Wednesday, November 23, 2005

Fowl Most Fresh

On the Eve of Turkey Day many cash-stuffed folk will turn their thoughts, and forks, to their favorite festive bird - usually one that is fully dressed, shrink-wrapped, and frozen to Kelvin scale depths. For the more upscale, there are heirloom birds, such as those reported in this week's LA Weekly by Jonathan Gold.

But, for the more adventuresome, the LA Times gave morning readers a nice shock with a report on a thriving slaughterhouse serving a mostly immigrant clientele, who prefer to pick and choose from the winged offerings. Five minutes from pen to plastic bag - try that at a Honey Baked Ham store tonight! And for those of you getting squeamish, remember I ate bugs during my fieldwork. Get over it. Besides, the old Angelino families remember when Sunday dinner required killing a chicken from the coop - my father did that most of his childhood life in Pomona. Now a days you only get to count the chickens riding the Gold Line to Union Station.

Before you take a bite of the chemically-enriched Butterball tomorrow, take a peek at the article. Too bad it wasn't included in the Times Food section, something about advertising revenue....

But if you won't read it for the ethnographic background, read it for the honed rhetoric like this:

Today, Samy Morsy is so deft with his 12-inch chef knife that it seems that he could turn a turkey into a hood ornament if he were asked to.

Soon coming to a fashionable vehicle near you.

Friday, November 18, 2005

The Need and the Loathing

It's late on a Friday aftenoon, the college has gone to bed before the sun is down, and I'm not going to let Warren, David, Joel, Kira, and the others have all the fun with a little Google-magic (all the better to procrastinate and put off finishing another scene).

Here are some results for "Formosus needs" in Google:

The disinterred corpose of Pope Formosus (891-894) was brought before the...

Phosphorous needs of some Australian Plants. Swainsona, canescens, colutoides, formosus, tephrotricha...

Joseph, Ras, Neal, and Formosus. Chris, Trish, and Andie... (Wait a minute! That's from Warren's site - and he suggested this excercise. Hmmm...)

Red Cone Flower (lsopogon formosus): see it and grow it...

Scientific name: Oporornis formosus...

When switched off, the Scleropages Formsous are not moving at all of course...

The main plot deals with the trick of Formosus to obtain 3000 crowns from his miserly father Amadeus...

Wednesday, November 16, 2005

Dances with Screenwriters

Spent last weekend nursing a lingering cough, and attending the 4th Annual Screenwriting Expo, sponsored by Creative Screenwriting magazine. It was my first time attending and it was rather surprising to be amidst almost 4,000 writers, but then I was surprised to be among 5,000 anthropologists the first time I attended the AAA gathering.

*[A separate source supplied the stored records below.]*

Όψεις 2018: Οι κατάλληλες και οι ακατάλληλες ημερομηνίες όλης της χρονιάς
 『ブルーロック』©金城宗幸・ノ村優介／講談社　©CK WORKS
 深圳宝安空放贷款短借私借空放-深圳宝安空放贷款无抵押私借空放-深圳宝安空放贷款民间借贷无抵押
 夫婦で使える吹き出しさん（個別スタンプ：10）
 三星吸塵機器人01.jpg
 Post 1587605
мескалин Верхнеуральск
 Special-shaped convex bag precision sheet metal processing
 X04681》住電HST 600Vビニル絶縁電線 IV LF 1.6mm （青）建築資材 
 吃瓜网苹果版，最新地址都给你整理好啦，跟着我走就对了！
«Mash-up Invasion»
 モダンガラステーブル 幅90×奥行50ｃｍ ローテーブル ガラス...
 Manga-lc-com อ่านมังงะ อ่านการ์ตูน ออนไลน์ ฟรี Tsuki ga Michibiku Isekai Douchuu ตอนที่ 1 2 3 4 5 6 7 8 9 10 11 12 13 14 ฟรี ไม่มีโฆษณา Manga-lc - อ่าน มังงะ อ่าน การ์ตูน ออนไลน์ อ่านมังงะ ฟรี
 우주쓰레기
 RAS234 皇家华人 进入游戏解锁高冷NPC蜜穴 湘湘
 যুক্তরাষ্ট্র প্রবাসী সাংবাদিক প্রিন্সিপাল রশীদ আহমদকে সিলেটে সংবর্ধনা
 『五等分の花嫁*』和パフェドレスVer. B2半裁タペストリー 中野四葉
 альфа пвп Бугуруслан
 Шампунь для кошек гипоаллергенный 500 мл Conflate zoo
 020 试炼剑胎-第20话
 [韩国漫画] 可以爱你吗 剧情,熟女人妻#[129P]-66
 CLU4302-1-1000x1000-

Lots of sights, lots of people, and even more stories, which usually constitute the most informative aspect of conventions, and the most entertaining.

Like other writing get-togethers, the Expo was a great venue for the usually solitary to get support, learn that there are actually other people out there who are just as geeky as you think you are, and commiserate with fellow writers over rejection - preferably with an 80 proof libation in hand.

I attended some classes, a panel or two, and many of the Guest of Honor sessions, but more about that later. As I was walking around the trade show, scanning through the xeroxed detritus strewn over abandoned tables, I had this lingering thought....

Am I the only one who thinks that the market for writing products and services is strangely similiar to the market for sex products and services? There are hundreds of companies offering magazines, videos, and "coverage or feedback" (usually in the back of cheap magazines) offering “secrets” (for a price) that purport to make you a "better practitioner," allowing you to "write longer, better, with more passion, all leading to a strong finish." The place was rife with psychoanalytic subtext. But then, after too many years of graduate school I can never look at any social gathering without some weird theoretical interpretation.

If you want to glance at some photos, take a peek at the collection from Warren, Joel, and Shawna.

Instead of the rundown of classes and panels, here are some of the more colorful quotes I heart at Expo 4:

William Goldman: “What I want you to come away from this Expo is this – All critics are failures and whores.”

David Koepp: “Everyone in this business has to be told what to do, directors, actors, so on, except for the writer. We can go home tonight, open a new file on our computer and start to work on a new project – no one has to tell us to do it. And that’s why they hate us.”

Marc & Elaine Zicree: “If you hear the following: ‘Thanks for coming in’, ‘Interesting…’, or ‘Call my agent’, you’re toast.” On the other hand, “If they say, ‘Who’s your agent?’ they want your script.”

Richard Walter: (quoting someone else) “It is actions that define character, and not the other way around.”

Richard Walter: (again) “There are only two things in scripts: The stuff that’s seen – the wide margins; and the stuff that’s said – the narrow margins.”

David Freeman: “I wasn’t born with an Earth Mother gene…”

But the best was probably at the blogger rendezvous Sunday night: “Yes, I was a Pumpkin Princess” from Shawna.